Hmmm…It’s all just politics really and being seen to lead the rest of the world; and to a certain extent stealing each other’s ideas, hand-shaking and hobnobbing with other super-influential leaders. For Donald Trump, it may be an opportunity to see how many wrists he can dislocate and leaders he can knock out of the way, to get to the front of the photo. Maybe he can’t wait to hold hands with Theresa May again?
I did read that there is an ice-cream shop in the Sicilian City that is hosting the event, are perfecting the “Coppa Trump,” or Trump Cup, a specialty ice cream they plan to serve ahead of the world leaders’ arrival on May 26th. The Trump Cup’s gelato will be the colours of the American flag, with strawberry, milk cream, and dark blue wild fruit ice cream arranged in the right order, and it will be topped with an orange swirl of cotton candy to pay homage to the American president’s “tuft”.

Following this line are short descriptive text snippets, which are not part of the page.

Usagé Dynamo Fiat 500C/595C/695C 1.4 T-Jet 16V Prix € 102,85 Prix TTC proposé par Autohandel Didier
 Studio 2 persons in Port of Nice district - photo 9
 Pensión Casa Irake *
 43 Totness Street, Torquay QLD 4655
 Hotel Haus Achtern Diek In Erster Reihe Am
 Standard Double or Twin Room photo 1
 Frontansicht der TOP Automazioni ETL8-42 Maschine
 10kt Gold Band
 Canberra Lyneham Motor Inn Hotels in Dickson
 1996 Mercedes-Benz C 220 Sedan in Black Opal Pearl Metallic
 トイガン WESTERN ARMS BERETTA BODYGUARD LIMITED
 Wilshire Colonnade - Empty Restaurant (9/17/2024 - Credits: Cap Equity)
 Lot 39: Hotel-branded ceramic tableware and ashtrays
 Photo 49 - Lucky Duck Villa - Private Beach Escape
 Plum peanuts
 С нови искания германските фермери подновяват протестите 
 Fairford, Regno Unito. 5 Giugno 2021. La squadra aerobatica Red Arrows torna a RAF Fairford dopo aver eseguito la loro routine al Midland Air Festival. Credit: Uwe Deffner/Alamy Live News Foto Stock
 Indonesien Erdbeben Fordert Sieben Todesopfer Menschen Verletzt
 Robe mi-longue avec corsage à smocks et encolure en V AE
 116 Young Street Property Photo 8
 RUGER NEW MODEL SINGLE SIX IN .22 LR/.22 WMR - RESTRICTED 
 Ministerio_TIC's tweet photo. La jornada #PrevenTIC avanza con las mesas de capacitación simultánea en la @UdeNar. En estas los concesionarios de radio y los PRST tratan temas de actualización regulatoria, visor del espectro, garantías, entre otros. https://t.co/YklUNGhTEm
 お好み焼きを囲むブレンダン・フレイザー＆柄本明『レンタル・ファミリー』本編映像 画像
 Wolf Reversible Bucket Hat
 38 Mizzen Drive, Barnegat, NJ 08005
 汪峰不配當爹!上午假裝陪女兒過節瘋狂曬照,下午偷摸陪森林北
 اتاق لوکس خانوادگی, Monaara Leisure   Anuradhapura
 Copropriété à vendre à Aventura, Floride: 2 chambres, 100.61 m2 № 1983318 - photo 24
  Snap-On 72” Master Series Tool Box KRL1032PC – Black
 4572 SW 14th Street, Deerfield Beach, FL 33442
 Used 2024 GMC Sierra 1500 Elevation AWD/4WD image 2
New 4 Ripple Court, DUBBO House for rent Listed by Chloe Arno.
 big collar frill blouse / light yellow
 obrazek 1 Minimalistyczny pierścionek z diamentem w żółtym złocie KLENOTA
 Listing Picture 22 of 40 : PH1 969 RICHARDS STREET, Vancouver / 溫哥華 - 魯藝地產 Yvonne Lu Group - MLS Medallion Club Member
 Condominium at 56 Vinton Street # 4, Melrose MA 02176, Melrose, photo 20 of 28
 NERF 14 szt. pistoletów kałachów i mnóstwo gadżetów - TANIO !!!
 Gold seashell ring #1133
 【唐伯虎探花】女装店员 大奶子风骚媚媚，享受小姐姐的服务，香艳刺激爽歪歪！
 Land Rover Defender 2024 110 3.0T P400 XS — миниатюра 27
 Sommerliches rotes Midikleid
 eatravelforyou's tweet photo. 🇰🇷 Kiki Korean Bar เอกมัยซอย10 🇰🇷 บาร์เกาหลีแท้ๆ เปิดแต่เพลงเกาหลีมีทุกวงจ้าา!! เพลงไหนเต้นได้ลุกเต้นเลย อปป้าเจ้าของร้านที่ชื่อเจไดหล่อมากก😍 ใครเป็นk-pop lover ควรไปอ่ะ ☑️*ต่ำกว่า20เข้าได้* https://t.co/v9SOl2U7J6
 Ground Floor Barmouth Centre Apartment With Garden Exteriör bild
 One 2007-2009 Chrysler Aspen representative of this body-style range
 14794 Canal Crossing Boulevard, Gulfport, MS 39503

I wonder if they will offer him any?
Back in the UK, one of the policies that affect businesses directly that is being discussed, in light of the upcoming election, is Corporation Tax. The rate is currently 19%, set to reduce to 17% by 2020.
Labour have promised to increase this to 26%, which will cost the average small to medium sized business a small fortune, and perhaps sap them of much needed cash which could be put to better use and fund things like the creation of more jobs.Some would say this is short-sighted of Labour.
Let’s not forget the rate was a whopping 30% in 2008, and even though the rate has fallen, tax receipts has increased by 21% from the previous year, according to the Financial Times. This is partly due though to the surcharge on banks’ profits though.
The age-old question, would an increase in tax see businesses go elsewhere to trade? According to the Office of National Statistics the number of companies and public corporations has continued to rise and represents 68.8% of total businesses. The number of sole proprietors and partnerships has continued to decline and now represents 27.4% of the total.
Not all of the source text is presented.